>>>
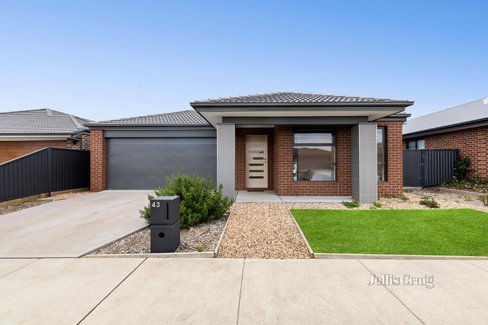 43 Clydesdale Drive Bonshaw 3352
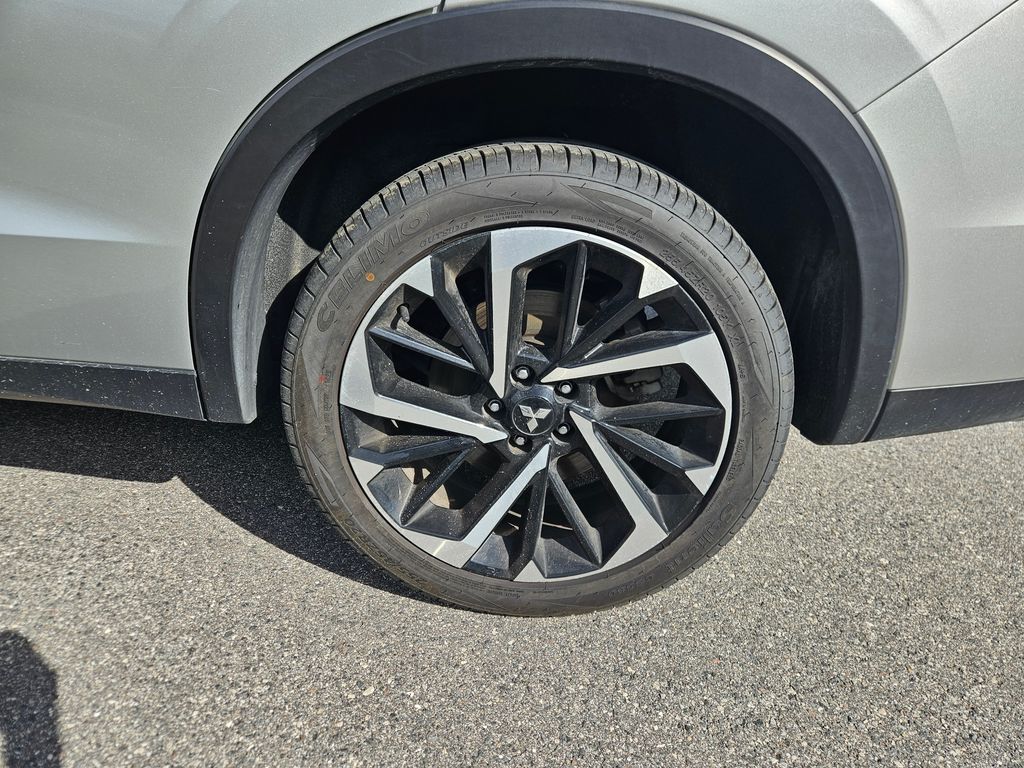 Thumbnail: 2024 Mitsubishi Outlander - 9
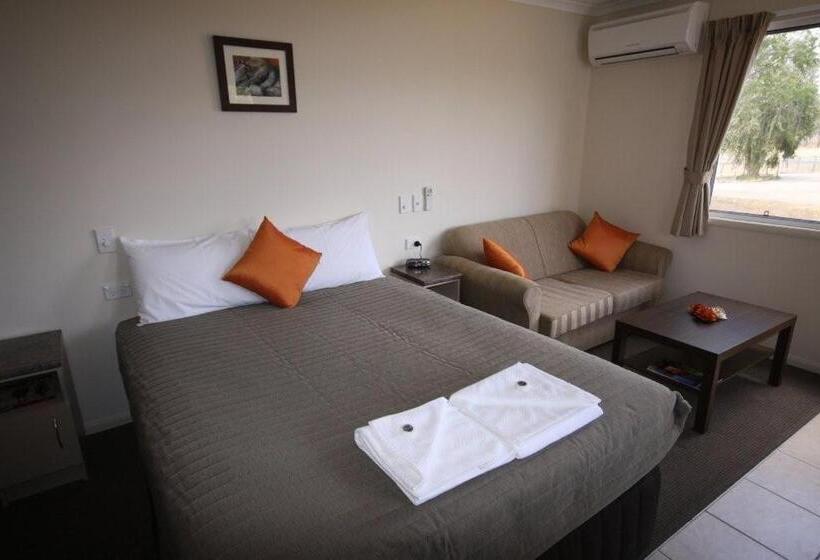 חדר דלוקס לשלושה, Injune Haven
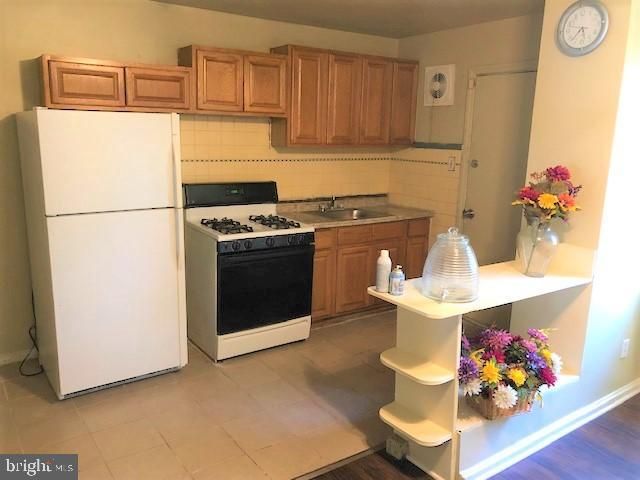 1494 ORMOND AVE, Camden, NJ 08103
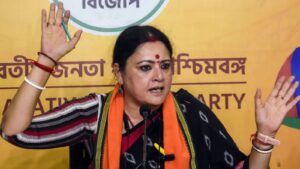 ১ সেপ্টেম্বর থেকে রাস্তায় থুতু ফেললেই কড়া জরিমানা! বেআইনি পার্কিং নিয়ে বিরাট ঘোষণা মন্ত্রী অগ্নিমিত্রার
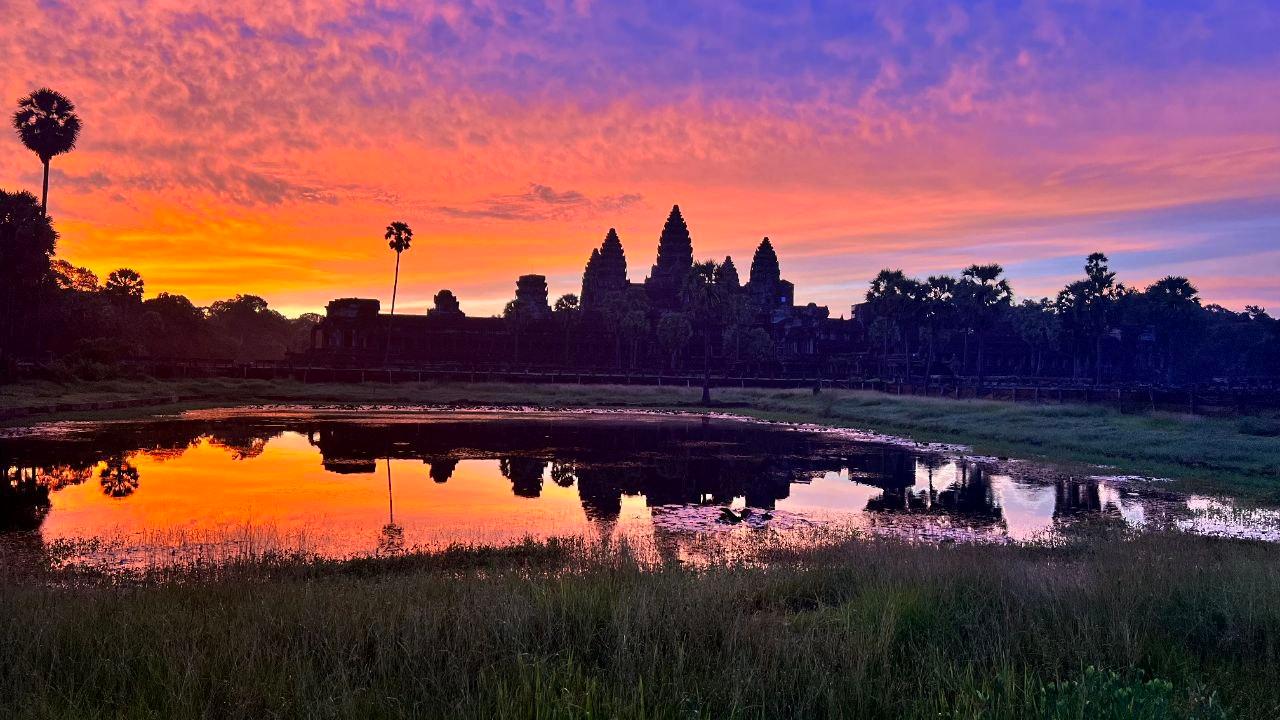 Angkor Wat Sunrise & Temples Guided Tour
<<<
* **ASSIGNMENT**: The required answer is the material repeated exactly, with no images in it.

* **SOLUTION FOR THIS PROBLEM**:
 43 Clydesdale Drive Bonshaw 3352
 Thumbnail: 2024 Mitsubishi Outlander - 9
 חדר דלוקס לשלושה, Injune Haven
 1494 ORMOND AVE, Camden, NJ 08103
 ১ সেপ্টেম্বর থেকে রাস্তায় থুতু ফেললেই কড়া জরিমানা! বেআইনি পার্কিং নিয়ে বিরাট ঘোষণা মন্ত্রী অগ্নিমিত্রার
 Angkor Wat Sunrise & Temples Guided Tour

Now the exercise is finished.